War dann doch wohl ne scheiß Idee mit dem Werkzeug dachte ich, aber wenigstens gab es eine Toilette an bord.
In Chiang Rai angekommen begann normaler Alltag, keine großen Rauschfeste mehr, na ja, zumindest nicht bei mir, aber das die Thais selbst gerne gesoffen haben ist mir auch nicht entgangen.
So kam jeden Tag einer mit einen Stecken und wollte Buddha spielen, einer der vielen Dorfalkoholiker. Er meinte, wenn man ihn einen Schnaps gibt, dann wächst der Stecken.
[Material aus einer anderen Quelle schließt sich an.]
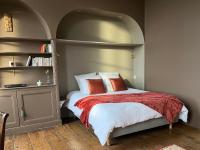 Łóżko lub łóżka w pokoju w obiekcie Mercier de Montigny - Les Chambres du Beffroi - SPA et Massage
Ich habe ihn soviel Schnapps gegeben, das der Stecken eigentlich bis zum Mond hätte reichen müssen, aber das einzige was länger wurde, waren die Augenblicke bis er seinen nächsten Schnaps runtergespült hat.
Zudem war jetzt Thaiunterricht bei mir angesagt, morgens eine Stunde mit meiner Frau, dann Mittags eine halbe Stunde mit der kleinen Sechsjährigen, die mir damals die Nase mit dem Chillipasta verbrannt hatte, und Nachmittags dann nochmal eine Stunde mit meiner Frau.
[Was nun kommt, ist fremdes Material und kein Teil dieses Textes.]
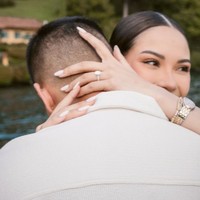 “Untuk cinta dalam hidupku; Alyssa Paramitha Daguisé, Terima kasih atas semuanya; Mencintaimu adalah sebuah keistimewaan. Dan dicintai olehmu adalah sebuah berkah. Denganmu di sisiku, aku adalah pria paling bahagia yang pernah hidup. Dan mulai hari ini, aku berjanji untuk memberikanmu dunia dan lebih banyak lagi. Ini untuk selamanya! Bismillah,” tulis Al. Foto: Instagram/@alghazali7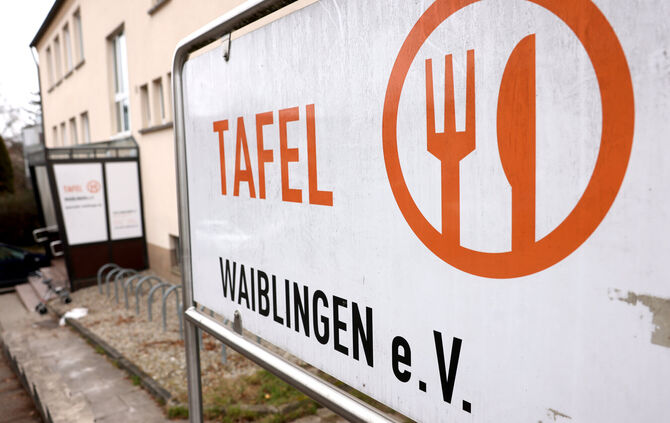 Die Tafel Waiblingen verzeichnet mehr Kunden mit Berechtigungskarte. Sie können sich einen Einkauf im gewöhnlichen Lebensmittelm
Als Hilfestellung diente mir ein „Deutsch – Thailändisches“ Wörterbuch. Das hatte nur einen Fehler. Links eine Spalte in latainischer Schrift und der Begriff in Thailändisch, in der Mitte der Begriff in Englisch und auf der rechten Spalte der Begriff in Deutsch, aber in thailändisch geschrieben. War mir also eine große Hilfe.
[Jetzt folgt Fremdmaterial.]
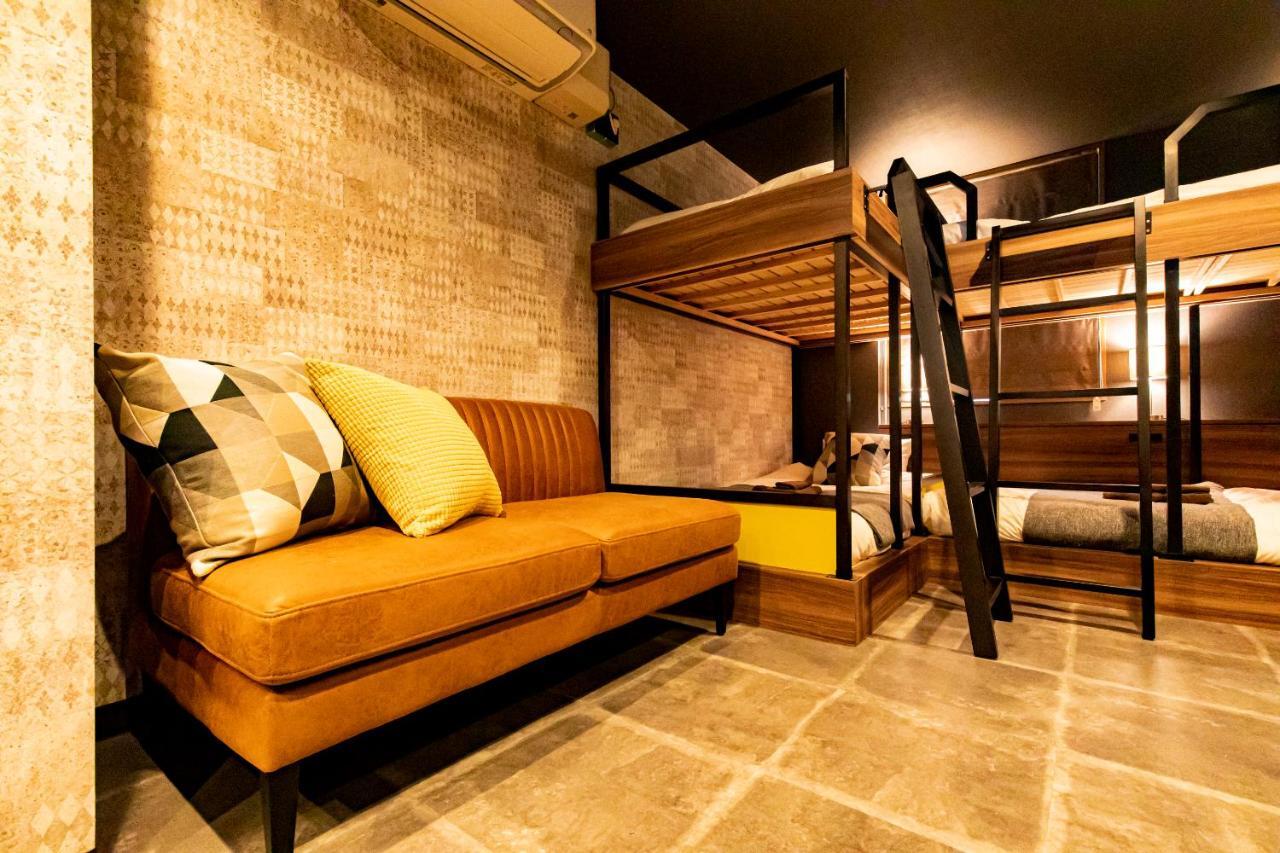 Under Railway Hotel Akihabara Токіо Екстер'єр фото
Am meisten hat natürlich der Unterricht mit der kleinen Sechsjährigen (ihr Name ist Jug) Spass gemacht. Die hat mich immer an der Hand durch die Gegend gezogen und auf irgendwas gedeutet, z.B. einen Baum und dann das Wort in Thai gesagt. So sollte ich verstehen wie der Baum in Thailändisch heißt. Das interessante war, dass sie das verstanden hat, auch ich und somit dann ihre Tests bestanden habe, aber die anderen 60 Millionen Thais haben das Wort vorher noch nie gehört. So wurde mein Gehirn dann doch ziemlich stark strapaziert und Thai spreche ich heute noch nicht. Gut ein paar Wörter schon. Zum Beispiel kann ich Fragen wo man die Toilette findet. Also: Phom bei hong nam, mei bei nai. Und wenn dann die Antwort kommt: roi Meter trong bei, dann weiß ich, auch damals schon, das ich jetzt 100m gerade aus laufen muss und da ist dann die Toilette.
Ist schon seltsam wie mein psychischer Drang immer zu wissen wo ich den Pinkeln kann wenn ich mal muss mir sogar die thailändische Sprache eingeflöst hat. Deswegen wusste ich schon nach wenigen Tagen in Chiang Rai wie man nach den Weg fragt und wie man den auch erklärt.
Ich wusste nach rechts, nach links, gerade aus und konnte auch die Zahlen bis 10.000 auf thailändisch zählen. Das war alles wichtig wenn man wissen wollte wo die Toilette ist.
Jetzt hatte ich ja soviel Werkzeug gekauft und wollte den Leuten auch mal erklären wie man damit umgeht. Und ich wusste wie man damit umgeht, denn ich bin eigentlich Zimmerer von Beruf. Aber wie erklärt man denen das wenn man kein Thai spricht.
Einfache Idee: Man führt es ihnen vor. Da lag ne ganze Menge Holz rum und so nahm ich das und baute kurzerhand ein Podest. Die Höhe legte ich mit einer Schlauchwaage genau so fest, dass Oberkannte vom Faß innen im Bad, welches immer mit diesem eiskalten Brunnenwasser gefüllt war, mit der Bauhöhe vom Podest aussen übereinstimmte.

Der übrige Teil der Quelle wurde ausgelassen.